↓

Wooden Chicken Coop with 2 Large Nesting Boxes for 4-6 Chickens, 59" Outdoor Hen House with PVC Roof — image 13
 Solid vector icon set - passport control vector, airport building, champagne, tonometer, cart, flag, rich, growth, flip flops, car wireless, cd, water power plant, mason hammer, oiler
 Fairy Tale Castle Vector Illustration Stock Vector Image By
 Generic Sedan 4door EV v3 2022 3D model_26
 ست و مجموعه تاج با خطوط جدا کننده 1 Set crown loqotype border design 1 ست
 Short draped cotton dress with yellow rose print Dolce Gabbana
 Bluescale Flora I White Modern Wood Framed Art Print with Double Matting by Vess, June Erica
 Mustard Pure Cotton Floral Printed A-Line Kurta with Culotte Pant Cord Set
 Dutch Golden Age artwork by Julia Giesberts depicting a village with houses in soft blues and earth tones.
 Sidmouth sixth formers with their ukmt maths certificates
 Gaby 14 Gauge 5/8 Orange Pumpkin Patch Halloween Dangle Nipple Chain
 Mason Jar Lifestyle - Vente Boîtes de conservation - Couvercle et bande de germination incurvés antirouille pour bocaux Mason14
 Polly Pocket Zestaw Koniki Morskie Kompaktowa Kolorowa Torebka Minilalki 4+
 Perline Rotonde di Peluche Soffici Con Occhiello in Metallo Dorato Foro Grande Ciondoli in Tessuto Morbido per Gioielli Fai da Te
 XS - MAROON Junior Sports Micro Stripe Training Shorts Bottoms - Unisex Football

↑

PROBLEM TO WORK ON = Restate all of the lines in the material exactly as they are.

WRITTEN ANSWER =
Wooden Chicken Coop with 2 Large Nesting Boxes for 4-6 Chickens, 59" Outdoor Hen House with PVC Roof — image 13
 Solid vector icon set - passport control vector, airport building, champagne, tonometer, cart, flag, rich, growth, flip flops, car wireless, cd, water power plant, mason hammer, oiler
 Fairy Tale Castle Vector Illustration Stock Vector Image By
 Generic Sedan 4door EV v3 2022 3D model_26
 ست و مجموعه تاج با خطوط جدا کننده 1 Set crown loqotype border design 1 ست
 Short draped cotton dress with yellow rose print Dolce Gabbana
 Bluescale Flora I White Modern Wood Framed Art Print with Double Matting by Vess, June Erica
 Mustard Pure Cotton Floral Printed A-Line Kurta with Culotte Pant Cord Set
 Dutch Golden Age artwork by Julia Giesberts depicting a village with houses in soft blues and earth tones.
 Sidmouth sixth formers with their ukmt maths certificates
 Gaby 14 Gauge 5/8 Orange Pumpkin Patch Halloween Dangle Nipple Chain
 Mason Jar Lifestyle - Vente Boîtes de conservation - Couvercle et bande de germination incurvés antirouille pour bocaux Mason14
 Polly Pocket Zestaw Koniki Morskie Kompaktowa Kolorowa Torebka Minilalki 4+
 Perline Rotonde di Peluche Soffici Con Occhiello in Metallo Dorato Foro Grande Ciondoli in Tessuto Morbido per Gioielli Fai da Te
 XS - MAROON Junior Sports Micro Stripe Training Shorts Bottoms - Unisex Football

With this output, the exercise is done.